Essentially, our body is designed for performing activities like walking, running, kneeling, traditional Indian cross-sitting on the floor and climbing up stairs and down, that require us to bend our knees regularly.

It is a popular myth that preforming these activities can wear off the cushioning on the joint, causing arthritis. What’s less known, is the fact that these movements inturn help to keep the cartilage intact, in the long run. Studies amongst exercising and non-exercising adults, with arthritis have shown that those performing exercises have less pain, are able to get back to function early and remain better 1 year later without the use of drugs.

How does this work?

sponge v3

The cartilage receives its nutrition from the fluid present in the joint space. It is like a sponge which throws water and waste products out when pressed, and absorbs the fresh water and nutrients when unloaded. Regular loading and unloading helps to maintain a healthy cartilage.

Rule of use or lose

Your body is like your money in the stocks. You have got to keep it moving; use it else lose it.

Our bones become stronger and packed with calcium when we involve ourselves in exercises like jumps, squats, lunges that put load on them.  Loading is healthy because just like us, our body too sees it as a challenge that will only help it emerge out stronger. Similarly muscles, if not used go into disuse atrophy and lose their strength and flexibility. As age advances, it is furthermore imperative for us to intersperse our sedentary living patterns with bits of mobility exercises away from the desk. To start with, a short walk around the alley every hour can prevent joint stiffness in our air-conditioned zones.

Arthritis no more means medicines,  passive rest and open invitation to obesity. The rules have changed. Its now a motivation to get moving, think prevention and get a rapid cure through correct exercise.
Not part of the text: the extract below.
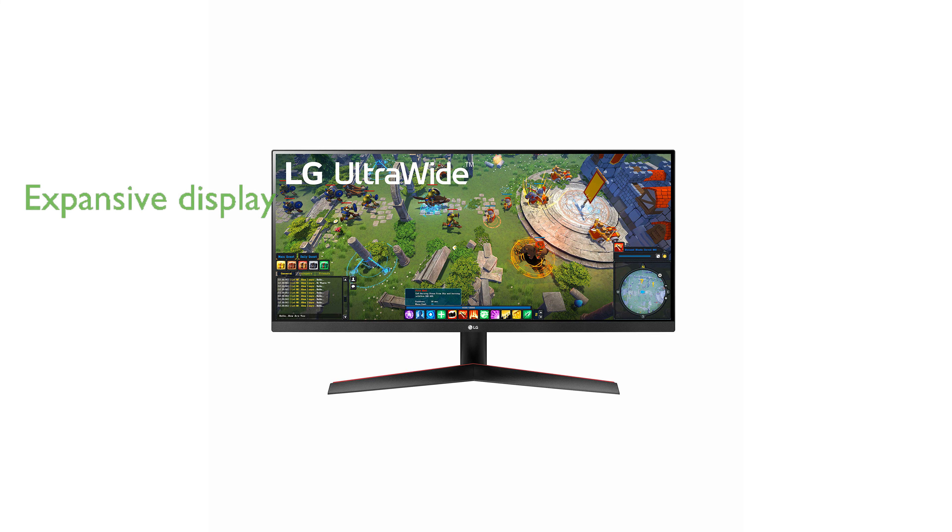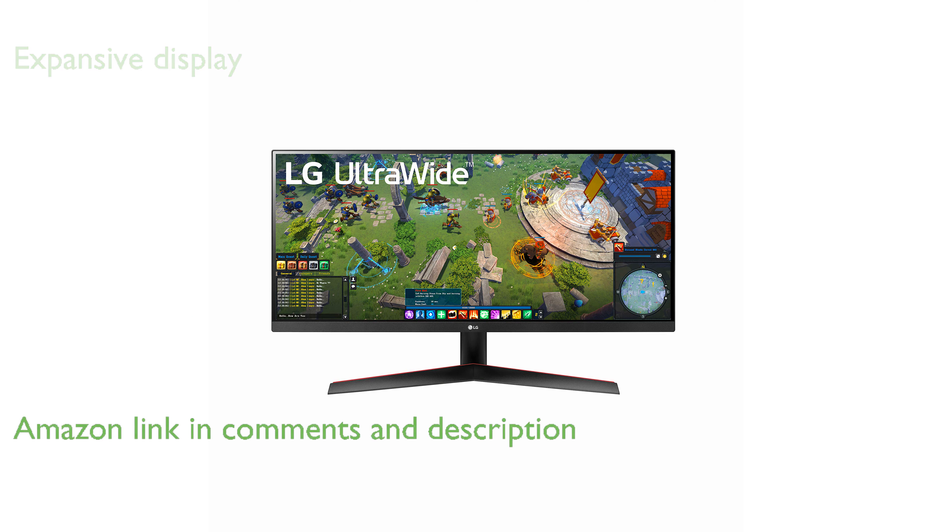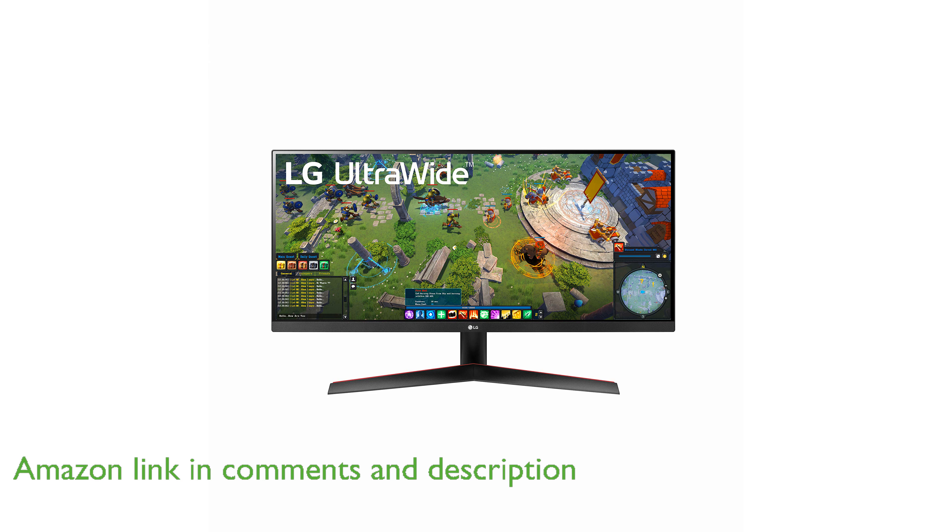The LG 29WP60G-B UltraWide Monitor offers an expansive 29-inch display with a 21 to 9 aspect ratio, perfect for enhancing productivity and multitasking.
Go up on your knees! Defy aging, redefine arthritis!




“Hume cycle chalana tha, hum poora city dekhke aaya.”

We loved the gusto of Bhashkor Banerjee played by Amitabh Bachchan in Piku that takes him on a city ride astride a cycle. As he drenches in the memories of his hometown calcutta, we are left awed by the 80 odd man’s verve for freedom and fitness.

While not impossible, it isn’t everyday that we get to see the elderly around us pulling off a stint as such with same ease. There have been examples of exemplary fitness displayed at the golden age; Fauja Singh, a UK based athlete continues to run marathons at 102 years of age.  He could achieve the feat as a result of years of physical conditioning.


Fauja singh at Millenium bridge, London

Our body begins to lose strength, endurance and flexibility as the age advances. The good news-  we can combat this degeneration by performing strength training exercises with dumbells or pushups using body weight, cardiovascular activities like running, swimming and flexibility routines like yoga.  Several researches state that the incidence of joint related problems is much lesser or occurs much later in exercising adults than the non-exercising. It has been possible, in many cases, to avoid knee replacement surgeries by investing in correct exercising routines.

While some daily exercise as Piku suggests could have also relieved the constipated Bhaskor Banerjee, we’d rather leave it at Shoojit Sircar’s discretion.

Start where you are. Use what you have. Do what you can, says Arthur Ashe.

Now is the best time to begin. A good professional advice can go a long way to stay fit and healthy, age no bar. Isnt gray age second childhood??